Can you please tell me what I am doing wrong? So I am reading the csv, removing punctuation, tokenizing, getting POS tags, and trying to stem but nothing is changing.
from nltk.tokenize import sent_tokenize, word_tokenize
from nltk.stem import PorterStemmer
import nltk
from nltk import pos_tag
stemmer = nltk.PorterStemmer()
data = pd.read_csv(open('data.csv'),sep=';')
translator=str.maketrans('','',string.punctuation)
with open('output.csv', 'w', newline='') as csvfile:
writer = csv.writer(csvfile, delimiter=';',
quotechar='^', quoting=csv.QUOTE_MINIMAL)
for line in data['sent']:
line = line.translate(translator)
tokens = word_tokenize(line)
tokens_pos = nltk.pos_tag(tokens)
final = [stemmer.stem(tagged_word[0]) for tagged_word in tokens_pos]

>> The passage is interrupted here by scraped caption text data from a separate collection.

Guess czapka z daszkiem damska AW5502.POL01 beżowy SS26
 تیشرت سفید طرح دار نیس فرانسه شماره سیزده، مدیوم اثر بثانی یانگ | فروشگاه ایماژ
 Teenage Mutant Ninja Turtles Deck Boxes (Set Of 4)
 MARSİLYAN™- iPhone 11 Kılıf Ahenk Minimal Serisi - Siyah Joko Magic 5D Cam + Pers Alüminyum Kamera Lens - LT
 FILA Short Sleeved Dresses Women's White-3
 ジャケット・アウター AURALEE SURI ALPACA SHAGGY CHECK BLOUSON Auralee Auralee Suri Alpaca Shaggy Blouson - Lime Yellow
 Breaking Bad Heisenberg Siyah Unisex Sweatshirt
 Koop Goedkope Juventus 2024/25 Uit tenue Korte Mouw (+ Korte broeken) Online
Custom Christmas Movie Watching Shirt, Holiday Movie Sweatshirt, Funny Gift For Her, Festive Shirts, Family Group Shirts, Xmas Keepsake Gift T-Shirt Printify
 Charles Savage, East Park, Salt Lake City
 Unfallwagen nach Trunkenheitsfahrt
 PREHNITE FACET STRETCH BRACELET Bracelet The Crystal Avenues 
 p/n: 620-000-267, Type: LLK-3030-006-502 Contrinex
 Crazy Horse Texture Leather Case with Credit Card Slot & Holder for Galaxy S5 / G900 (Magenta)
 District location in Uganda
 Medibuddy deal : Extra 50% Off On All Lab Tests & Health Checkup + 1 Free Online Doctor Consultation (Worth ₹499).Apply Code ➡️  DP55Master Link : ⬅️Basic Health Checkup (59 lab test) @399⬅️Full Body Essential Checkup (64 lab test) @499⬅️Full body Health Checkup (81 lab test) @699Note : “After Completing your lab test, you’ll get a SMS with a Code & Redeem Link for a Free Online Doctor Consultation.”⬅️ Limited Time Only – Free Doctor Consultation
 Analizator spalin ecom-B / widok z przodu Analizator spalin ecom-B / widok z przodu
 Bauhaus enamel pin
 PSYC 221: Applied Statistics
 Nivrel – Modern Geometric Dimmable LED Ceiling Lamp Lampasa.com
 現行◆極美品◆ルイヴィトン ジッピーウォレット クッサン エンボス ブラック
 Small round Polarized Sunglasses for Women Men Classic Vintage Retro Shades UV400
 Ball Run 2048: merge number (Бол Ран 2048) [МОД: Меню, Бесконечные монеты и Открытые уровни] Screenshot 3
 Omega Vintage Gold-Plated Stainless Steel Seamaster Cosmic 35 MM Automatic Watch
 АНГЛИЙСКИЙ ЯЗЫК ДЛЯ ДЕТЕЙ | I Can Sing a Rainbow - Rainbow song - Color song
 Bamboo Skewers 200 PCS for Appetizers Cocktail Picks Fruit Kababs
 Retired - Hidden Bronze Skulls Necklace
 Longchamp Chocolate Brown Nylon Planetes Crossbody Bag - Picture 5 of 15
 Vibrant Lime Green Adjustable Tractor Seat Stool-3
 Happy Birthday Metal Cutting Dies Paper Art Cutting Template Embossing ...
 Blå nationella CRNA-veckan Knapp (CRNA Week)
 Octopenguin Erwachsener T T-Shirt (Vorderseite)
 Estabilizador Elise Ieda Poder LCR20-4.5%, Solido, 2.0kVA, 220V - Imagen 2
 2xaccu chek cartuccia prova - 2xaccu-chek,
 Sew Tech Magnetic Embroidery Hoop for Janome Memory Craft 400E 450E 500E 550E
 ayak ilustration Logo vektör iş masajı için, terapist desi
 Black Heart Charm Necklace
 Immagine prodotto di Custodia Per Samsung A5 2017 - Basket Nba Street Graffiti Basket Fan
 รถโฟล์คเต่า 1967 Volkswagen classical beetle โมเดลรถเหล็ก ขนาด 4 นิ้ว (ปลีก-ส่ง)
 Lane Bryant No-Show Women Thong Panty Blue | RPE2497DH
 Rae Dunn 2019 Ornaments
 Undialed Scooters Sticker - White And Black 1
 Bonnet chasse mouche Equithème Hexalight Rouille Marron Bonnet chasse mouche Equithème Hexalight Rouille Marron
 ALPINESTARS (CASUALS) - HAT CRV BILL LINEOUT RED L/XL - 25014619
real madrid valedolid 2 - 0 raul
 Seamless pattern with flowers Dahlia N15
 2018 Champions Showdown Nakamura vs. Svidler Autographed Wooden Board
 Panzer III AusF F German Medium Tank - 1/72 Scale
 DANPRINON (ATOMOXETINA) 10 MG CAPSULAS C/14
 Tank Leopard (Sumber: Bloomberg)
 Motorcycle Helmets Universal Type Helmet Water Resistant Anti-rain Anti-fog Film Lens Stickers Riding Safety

writer.writerow(tokens_pos)
Examples of data for stemming:
The question was, what are you going to cut?
Well, again, while you were on the board of the Woods Foundation...
We've got some long-term challenges in this economy.
Thank you in advance for any help!
You should have tried to debug your code. If (after necessary imports) you had just tried print(stemmer.stem("challenges"))
, you would have seen that the stemming does work (the above will print "challeng"). Your problem is a small oversight: You collect the stems in final
, but you print tokens_pos
. So the "solution" is this:
writer.writerow(final)